Sokn
- Interactive map of the island

Geography
- Location: Rogaland, Norway
- Coordinates: 59°03′13″N 5°39′48″E﻿ / ﻿59.05354°N 5.66326°E
- Length: 2.25 km (1.398 mi)
- Width: 1.2 km (0.75 mi)
- Highest elevation: 22 m (72 ft)
- Highest point: Hodnet

Administration
- Norway
- County: Rogaland
- Municipality: Stavanger Municipality

= Sokn =

Island in Rogaland, Norway

Sokn is an island in Stavanger Municipality in Rogaland county, Norway. The 1.31 km2 island lies in a group of islands on the south side of the Boknafjorden, just east of the city of Stavanger. There are several islands surrounding Sokn: Bru to the southwest, Åmøy to the southeast, and Mosterøy to the north. All three islands are connected to Sokn by bridges, and the undersea Byfjord Tunnel has its northern terminus on the island, connecting all these islands to the mainland.

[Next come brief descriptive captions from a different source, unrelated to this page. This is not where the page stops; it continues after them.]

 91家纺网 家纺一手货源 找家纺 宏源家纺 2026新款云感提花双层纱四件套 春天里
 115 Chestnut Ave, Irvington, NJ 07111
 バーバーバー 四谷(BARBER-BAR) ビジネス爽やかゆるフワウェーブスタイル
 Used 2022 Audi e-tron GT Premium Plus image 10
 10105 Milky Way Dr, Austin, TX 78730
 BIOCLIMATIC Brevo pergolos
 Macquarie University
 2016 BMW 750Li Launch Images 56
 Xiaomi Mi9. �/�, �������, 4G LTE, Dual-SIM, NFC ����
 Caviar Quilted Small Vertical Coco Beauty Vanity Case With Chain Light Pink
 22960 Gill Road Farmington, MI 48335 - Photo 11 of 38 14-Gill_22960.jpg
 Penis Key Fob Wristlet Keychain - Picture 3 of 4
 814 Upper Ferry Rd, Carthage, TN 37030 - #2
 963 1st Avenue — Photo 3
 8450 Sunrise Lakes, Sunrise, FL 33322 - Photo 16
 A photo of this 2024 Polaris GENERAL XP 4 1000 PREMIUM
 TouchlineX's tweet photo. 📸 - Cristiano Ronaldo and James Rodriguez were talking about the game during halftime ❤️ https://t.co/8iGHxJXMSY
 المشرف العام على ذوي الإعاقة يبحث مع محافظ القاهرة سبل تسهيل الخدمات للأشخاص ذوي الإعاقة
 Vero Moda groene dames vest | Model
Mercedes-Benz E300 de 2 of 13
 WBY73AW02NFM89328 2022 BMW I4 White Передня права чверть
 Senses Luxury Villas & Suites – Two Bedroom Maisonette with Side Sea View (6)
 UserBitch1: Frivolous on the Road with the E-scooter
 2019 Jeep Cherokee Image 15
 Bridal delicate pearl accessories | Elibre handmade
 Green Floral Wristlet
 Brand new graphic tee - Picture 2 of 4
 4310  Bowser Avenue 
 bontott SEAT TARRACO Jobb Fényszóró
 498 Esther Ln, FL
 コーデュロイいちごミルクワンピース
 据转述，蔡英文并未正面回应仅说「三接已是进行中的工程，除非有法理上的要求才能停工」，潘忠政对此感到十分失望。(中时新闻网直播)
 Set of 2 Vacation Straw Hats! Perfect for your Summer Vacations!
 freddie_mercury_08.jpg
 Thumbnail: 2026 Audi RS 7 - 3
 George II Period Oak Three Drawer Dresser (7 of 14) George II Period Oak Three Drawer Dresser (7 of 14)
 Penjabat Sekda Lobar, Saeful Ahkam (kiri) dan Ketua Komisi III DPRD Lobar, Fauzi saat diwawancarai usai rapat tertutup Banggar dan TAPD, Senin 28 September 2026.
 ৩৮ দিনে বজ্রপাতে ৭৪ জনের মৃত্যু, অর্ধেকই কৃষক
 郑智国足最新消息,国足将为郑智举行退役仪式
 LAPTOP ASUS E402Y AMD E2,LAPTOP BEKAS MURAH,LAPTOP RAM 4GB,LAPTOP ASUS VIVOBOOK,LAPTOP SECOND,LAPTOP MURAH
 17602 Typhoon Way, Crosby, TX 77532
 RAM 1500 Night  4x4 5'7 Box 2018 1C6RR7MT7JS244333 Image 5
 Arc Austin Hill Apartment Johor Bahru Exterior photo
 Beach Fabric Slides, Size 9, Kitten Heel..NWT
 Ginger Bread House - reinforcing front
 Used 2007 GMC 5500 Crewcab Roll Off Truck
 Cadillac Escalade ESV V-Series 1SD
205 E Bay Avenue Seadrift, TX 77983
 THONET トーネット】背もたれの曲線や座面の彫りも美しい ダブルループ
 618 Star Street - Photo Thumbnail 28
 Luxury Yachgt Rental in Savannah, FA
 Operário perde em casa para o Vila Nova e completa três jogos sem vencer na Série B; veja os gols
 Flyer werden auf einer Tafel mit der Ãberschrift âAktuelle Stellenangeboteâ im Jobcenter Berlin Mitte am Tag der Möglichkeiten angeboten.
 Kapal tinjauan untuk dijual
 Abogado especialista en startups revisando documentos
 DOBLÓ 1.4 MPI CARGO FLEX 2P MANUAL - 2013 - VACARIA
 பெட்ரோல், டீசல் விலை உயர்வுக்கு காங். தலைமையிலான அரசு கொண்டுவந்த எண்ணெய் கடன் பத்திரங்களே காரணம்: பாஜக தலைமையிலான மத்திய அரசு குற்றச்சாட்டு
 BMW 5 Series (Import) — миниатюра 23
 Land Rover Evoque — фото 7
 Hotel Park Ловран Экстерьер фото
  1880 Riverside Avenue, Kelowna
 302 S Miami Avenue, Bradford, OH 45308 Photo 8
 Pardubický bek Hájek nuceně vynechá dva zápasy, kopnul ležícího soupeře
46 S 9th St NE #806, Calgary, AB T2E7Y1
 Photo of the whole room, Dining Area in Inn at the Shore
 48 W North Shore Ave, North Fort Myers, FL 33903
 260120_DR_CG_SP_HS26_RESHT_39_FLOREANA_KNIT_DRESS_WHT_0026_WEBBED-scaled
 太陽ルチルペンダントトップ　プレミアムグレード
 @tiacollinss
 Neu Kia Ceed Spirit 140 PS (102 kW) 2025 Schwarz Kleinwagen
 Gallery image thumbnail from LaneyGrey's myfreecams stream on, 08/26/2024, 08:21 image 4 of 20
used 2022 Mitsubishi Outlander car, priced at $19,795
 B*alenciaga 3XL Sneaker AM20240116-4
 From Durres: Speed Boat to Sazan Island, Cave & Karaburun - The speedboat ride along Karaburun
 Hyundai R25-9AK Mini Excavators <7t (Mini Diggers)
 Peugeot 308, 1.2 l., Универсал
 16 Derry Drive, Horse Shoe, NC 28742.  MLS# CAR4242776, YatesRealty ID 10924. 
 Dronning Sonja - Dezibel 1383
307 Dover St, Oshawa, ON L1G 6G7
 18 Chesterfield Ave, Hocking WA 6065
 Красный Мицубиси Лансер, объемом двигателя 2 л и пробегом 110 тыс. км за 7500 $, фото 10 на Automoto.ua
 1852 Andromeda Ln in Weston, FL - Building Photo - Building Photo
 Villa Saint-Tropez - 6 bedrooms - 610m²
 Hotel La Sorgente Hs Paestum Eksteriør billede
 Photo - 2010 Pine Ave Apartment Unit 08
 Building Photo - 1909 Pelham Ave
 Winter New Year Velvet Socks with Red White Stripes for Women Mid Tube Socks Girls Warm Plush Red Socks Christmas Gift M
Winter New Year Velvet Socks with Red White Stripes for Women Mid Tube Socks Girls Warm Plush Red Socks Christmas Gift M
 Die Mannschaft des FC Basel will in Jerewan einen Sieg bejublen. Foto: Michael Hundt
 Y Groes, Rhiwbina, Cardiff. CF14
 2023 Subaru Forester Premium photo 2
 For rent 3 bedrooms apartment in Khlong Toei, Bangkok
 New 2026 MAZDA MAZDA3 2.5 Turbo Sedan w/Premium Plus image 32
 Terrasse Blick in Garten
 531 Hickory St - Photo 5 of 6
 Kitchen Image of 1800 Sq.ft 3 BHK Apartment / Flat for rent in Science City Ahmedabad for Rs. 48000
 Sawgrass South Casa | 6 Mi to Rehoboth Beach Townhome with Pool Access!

Most of the island is covered with farms or moorland, with most of the population living along the southeastern shore.

==History==
The island of Sokn was part of the old Rennesøy Municipality for a long time, but in 1884 it became a part of the new Mosterøy Municipality which encompassed the island plus several surrounding islands. This independent municipality existed until 1965 when it was merged back into Rennesøy Municipality. Then in 2020, the island became a part of the newly-enlarged Stavanger Municipality.